:: DATASET ::

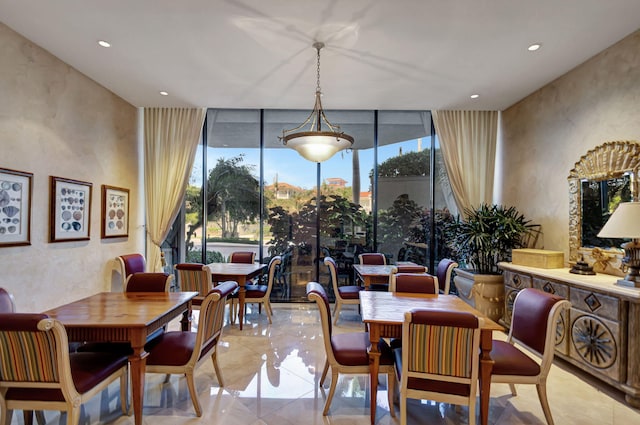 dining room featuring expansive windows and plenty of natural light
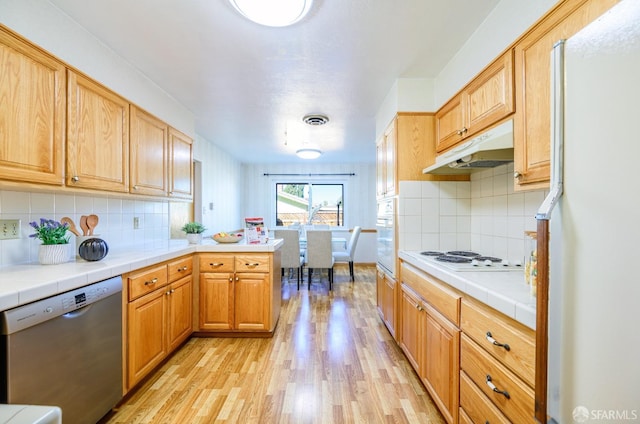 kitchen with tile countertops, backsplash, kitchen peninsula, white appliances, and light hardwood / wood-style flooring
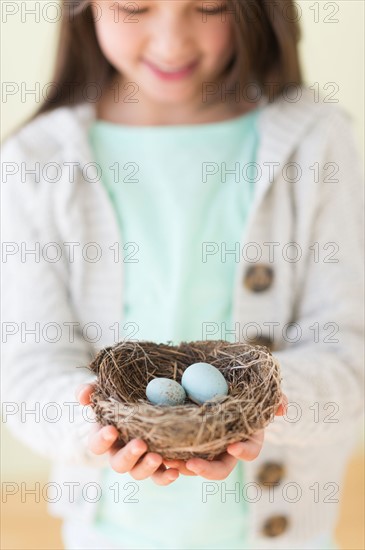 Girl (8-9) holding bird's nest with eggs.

:::
:: DATASET ::

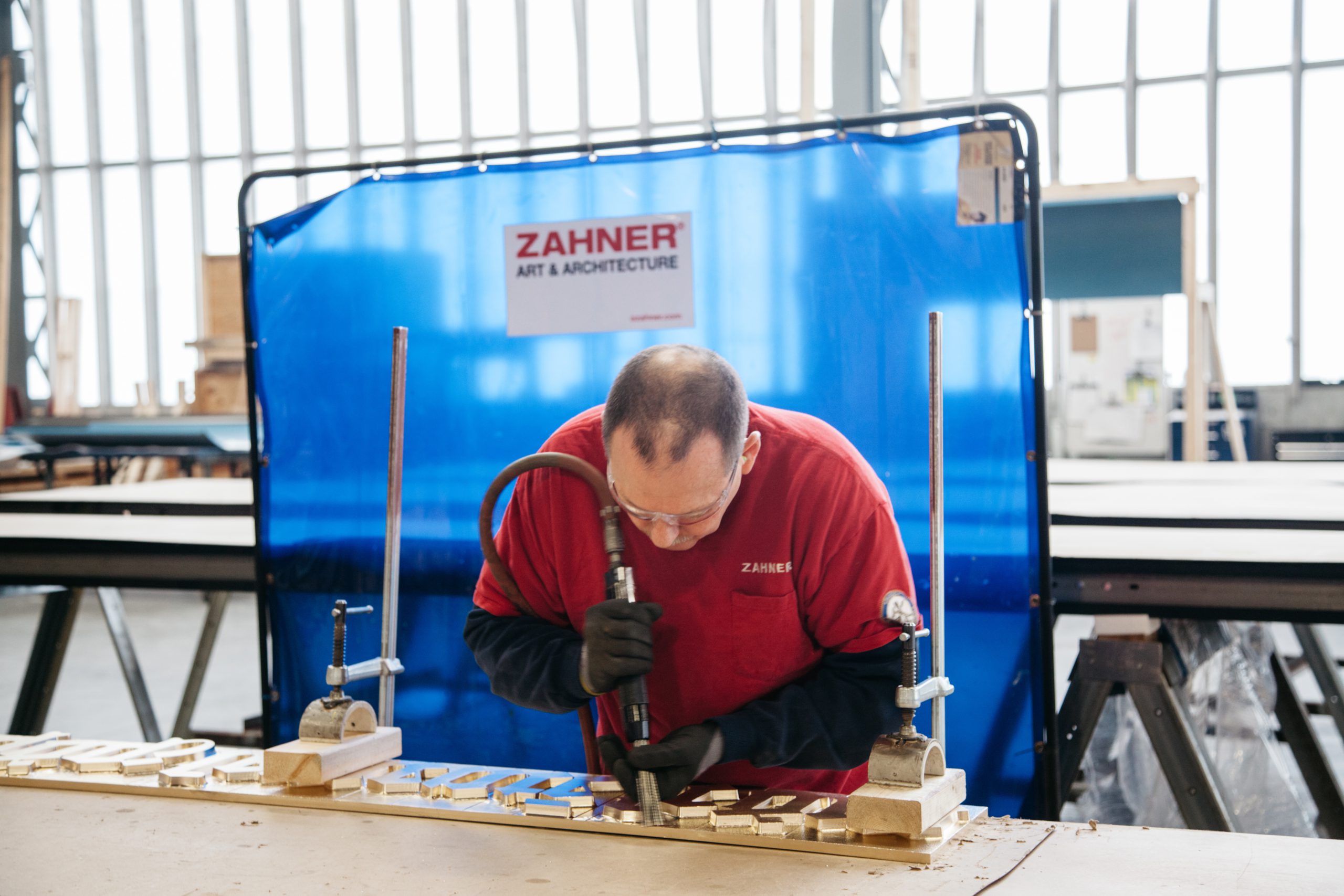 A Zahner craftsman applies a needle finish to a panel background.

:::
:: DATASET ::

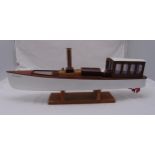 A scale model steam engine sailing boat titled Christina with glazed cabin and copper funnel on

:::

• **PROBLEM**
Only the lines above from the one containing "kitchen with tile" through the one containing "Girl (8-9) holding bird's nest with eggs." should be returned, verbatim and inclusive, with pictures excluded.

• **RESPONSE TO THE TASK**
 kitchen with tile countertops, backsplash, kitchen peninsula, white appliances, and light hardwood / wood-style flooring
 Girl (8-9) holding bird's nest with eggs.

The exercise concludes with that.